Another challenge is data quality. There’s a common saying in computing that goes, “garbage in, garbage out”—if the data being analyzed is incomplete, incorrect, or biased, then the insights gained won’t be reliable either. There’s also model bias and fairness, which can have serious consequences. Models and algorithms are only as good as the data they’re trained on. If that data carries any kind of bias—whether it’s gender, race, or anything else—the model could end up reinforcing those biases.
Overcoming these challenges demands a high level of technical skills, ethical awareness, and a commitment to fairness and accuracy. It’s about finding ways to use data responsibly while delivering insights that truly make a difference.
Career Opportunities in Data Science
Data science is brimming with possibilities, offering a variety of career options that tap into its core skills.
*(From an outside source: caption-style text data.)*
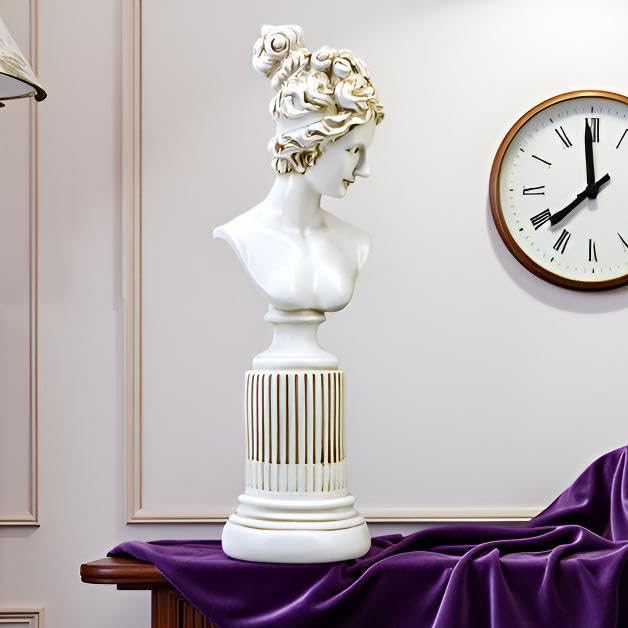 Estatua griega de diosa Venus de 14 pulgadas en resina miniatura 3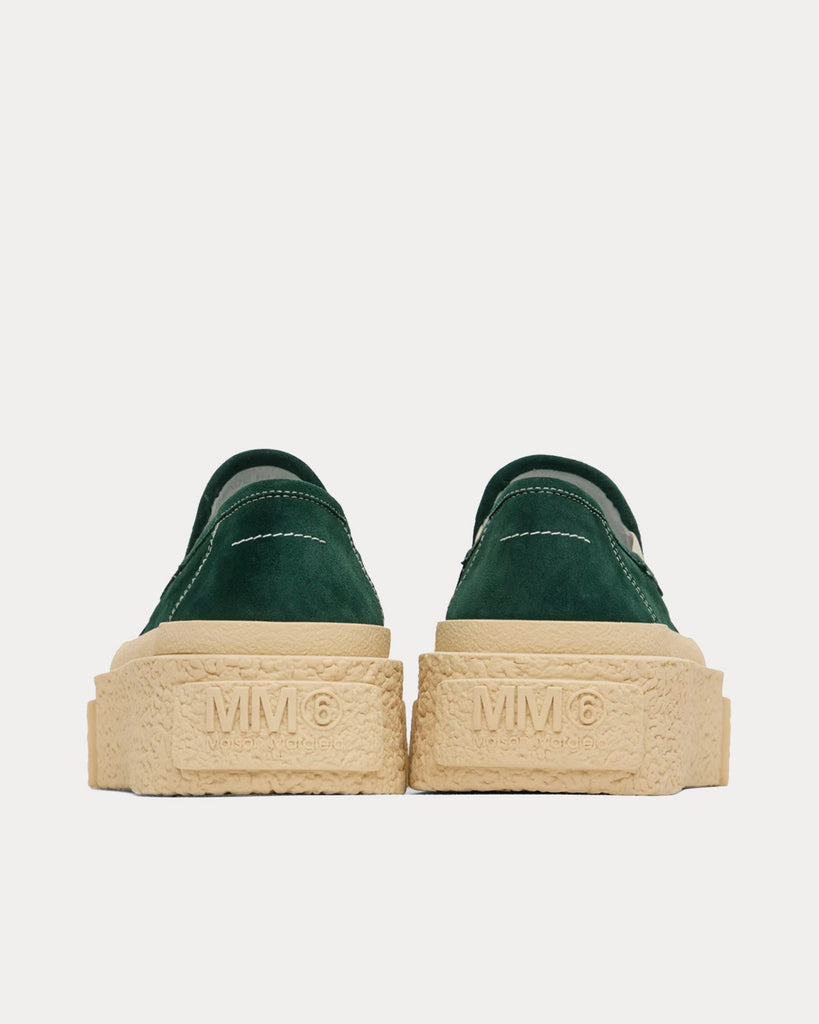 Suede slip on sales platform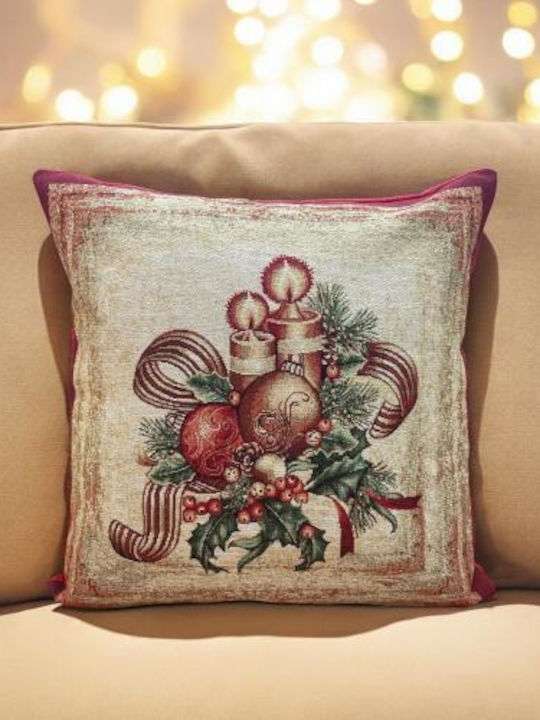 Linea Home Weihnachtsdekorativer Kissenbezug Quadratisch 45x45cm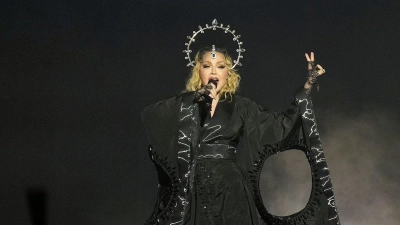 Madonna Anfang Mai auf „The Celebration Tour” am Strand der Copacabana. (Foto: dpa)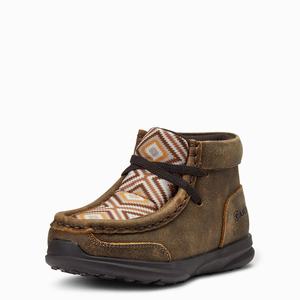 Kids' Ariat Lil' Stompers Jamie Spitfire Western Boots Brown | SRNC-23659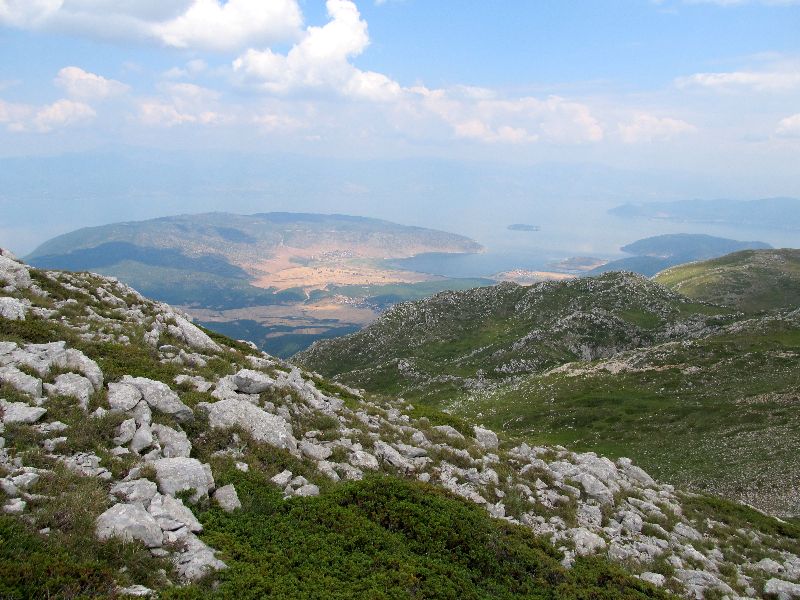 Blick auf den Ohrid See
In this field, you’ll find roles like:
- Data scientist
- Data analyst
- Machine learning engineer
- Data engineer
- Business intelligence analyst
- Research scientist
- AI engineer
- Data science manager
- Quantitative analyst
- Data consultant
- Predictive analytics specialist
- Healthcare data analyst
- Marketing analyst
- Natural language processing engineer
- Computer vision engineer
All of these data science careers are within reach, provided you have the proper education to support your qualifications and build your expertise in the field.
At Syracuse University’s School of Information Studies (iSchool), students are offered a variety of programs that are thoughtfully crafted to keep pace with the fast-changing world of data science. If you’re just starting out, our Bachelor’s in Applied Data Analytics or our Data Analytics Minor are excellent choices for building a strong foundation in understanding and managing data.
For those looking to advance their expertise or change careers into data science, our Master’s in Applied Data Science equips graduates with insights into sophisticated techniques and applications. Whereas for those aiming to sharpen their focus without committing to a degree, our Certificate of Advanced Study in Data Science provides specialized training in this area.
Jeffrey Saltz, an associate professor at the iSchool and program director for the Master’s in Applied Human-Centered Artificial Intelligence, highlights the school’s dedication to staying at the forefront of innovation:
“The continuing enhancement of courses helps to ensure that the iSchool’s program is robust and comprehensive and can evolve as the field evolves.”
This forward-thinking approach is what sets the iSchool apart, as the goal is for students to not merely follow industry advancements but be the ones driving those advancements themselves.
Data Science: What Comes Next
Without data science, so many conveniences and advancements we take for granted—in healthcare, retail, transportation, finance, and many other industries—would fall apart.
The future of data science holds endless possibilities for those willing to put in the work. If that sounds like you, Syracuse University’s iSchool offers programs designed to equip you with all the skills needed to succeed. The next move is yours—explore what we have to offer and lead the charge in a world powered by data.
Frequently Asked Questions (FAQs)
What degree is required for a data scientist?
To start, a bachelor’s degree in data science, computer science, or a related area is often enough for many entry-level roles. However, a master’s can give you a competitive edge.
How long does it take to become a data scientist?
Typically, it takes 4–6 years to become a data scientist, considering undergraduate studies and optional further education or certifications.
Is data science a good career choice?
Absolutely—it’s in high demand, offers excellent earning potential, and provides opportunities across a range of industries.